### What is needed
Retype the data below exactly, skipping pictures.

### Data block
________________________________________
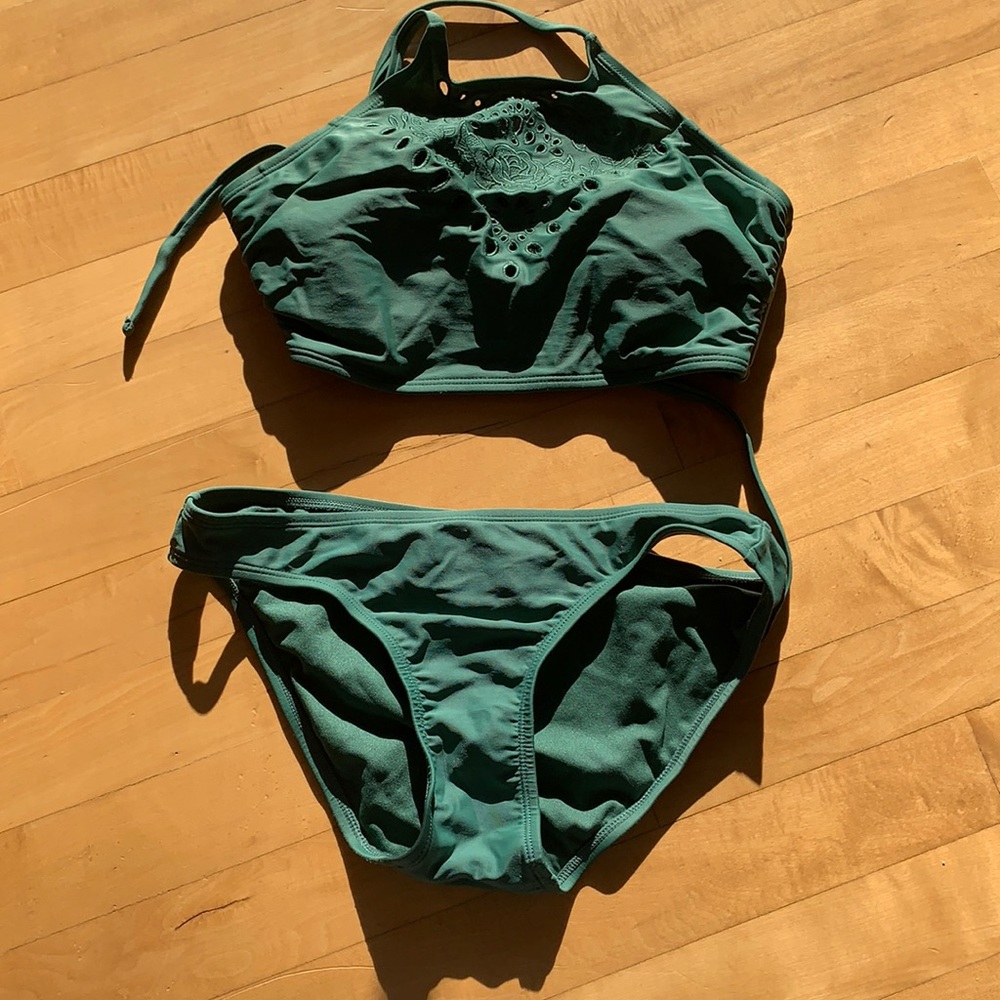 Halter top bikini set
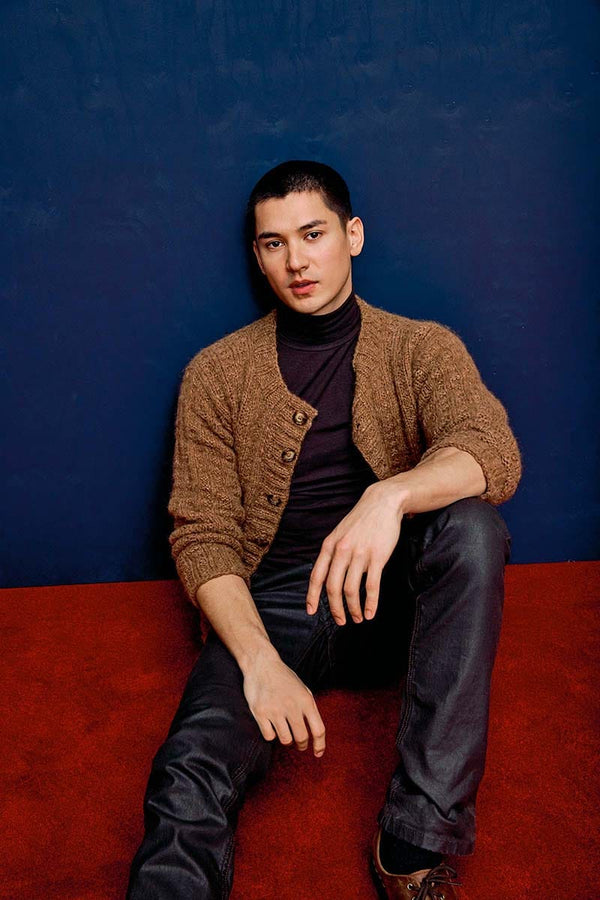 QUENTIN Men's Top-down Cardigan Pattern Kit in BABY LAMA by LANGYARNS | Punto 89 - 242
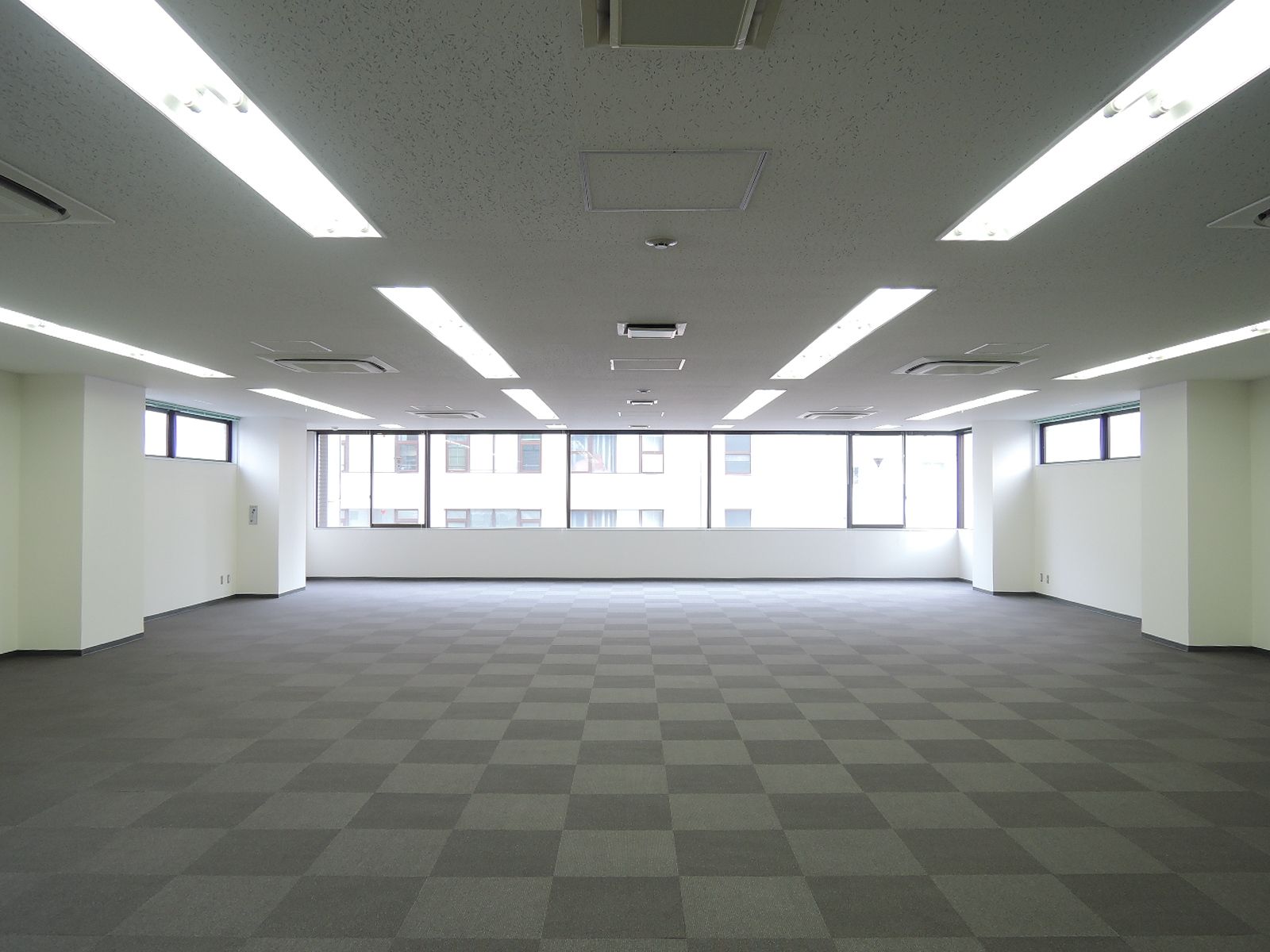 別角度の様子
________________________________________
### Solution to this problem
 Halter top bikini set
 QUENTIN Men's Top-down Cardigan Pattern Kit in BABY LAMA by LANGYARNS | Punto 89 - 242
 別角度の様子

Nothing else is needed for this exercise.